- TRY IT: Take the line that contains "4 People, Each" and each line after it to the end of the data below, and set them down exactly, omitting pictures.

- DATA PROVIDED:
━━━
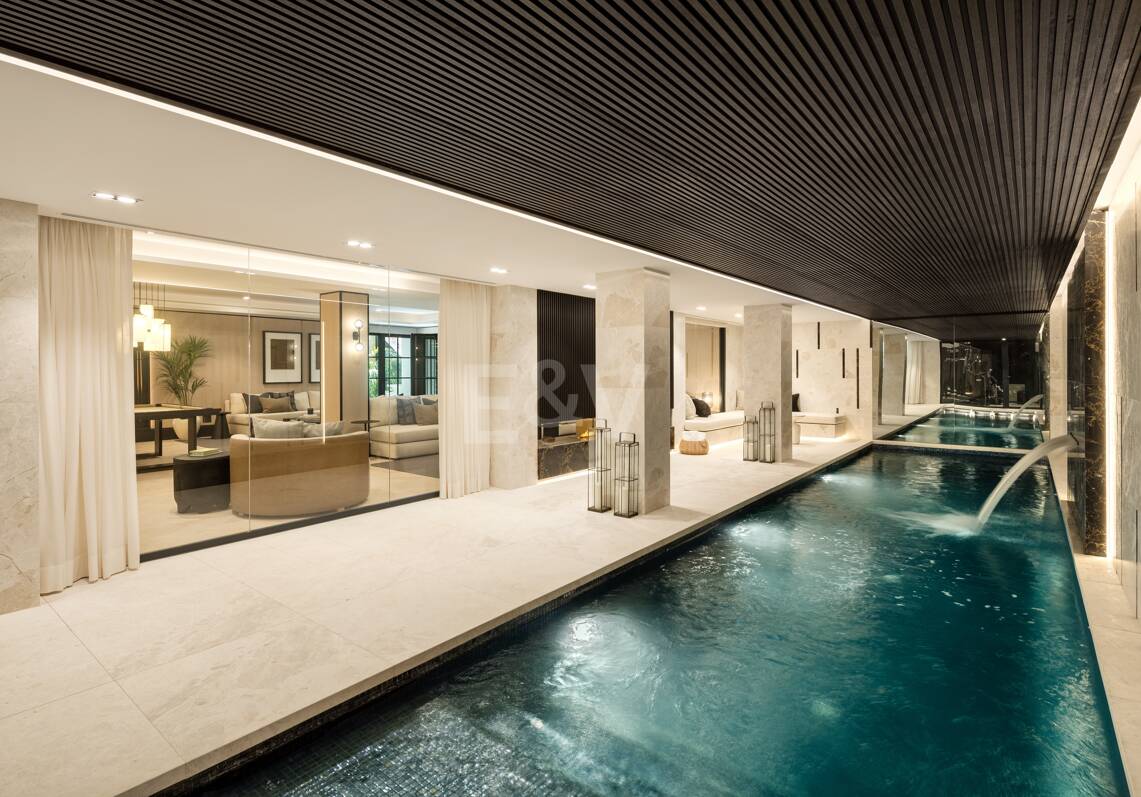 Villa de lujo en primera línea de golf con spa privado y zonas de entretenimiento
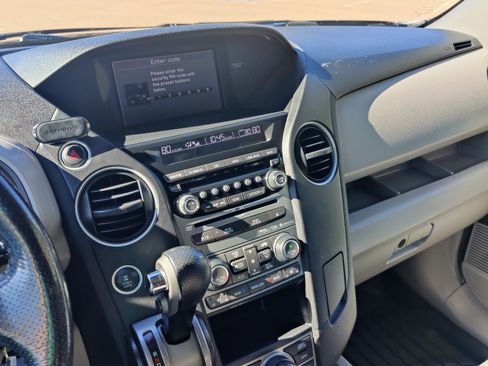 Used 2015 Honda Pilot Touring image 13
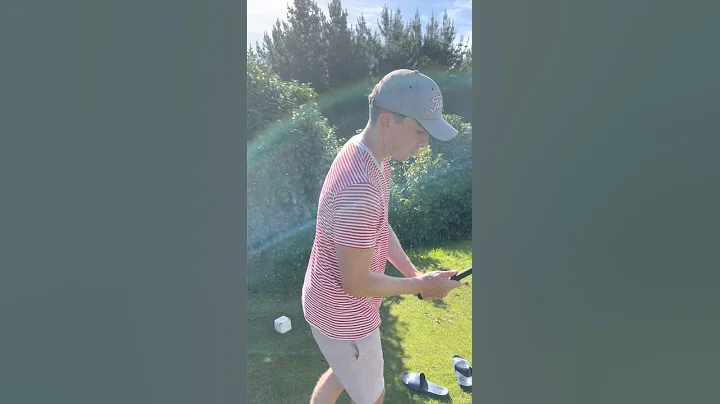 4 People, Each With An Q Club Play 7 holes. 1st Tr...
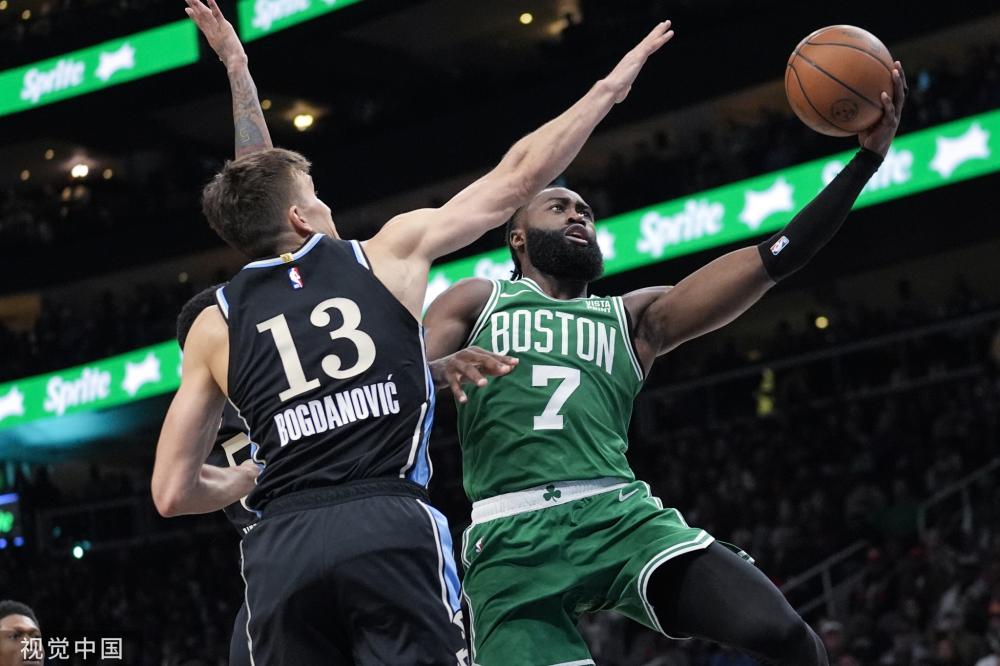 更加坚定自 更加坚定自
━━━
- ANSWER SPACE:
 4 People, Each With An Q Club Play 7 holes. 1st Tr...
 更加坚定自 更加坚定自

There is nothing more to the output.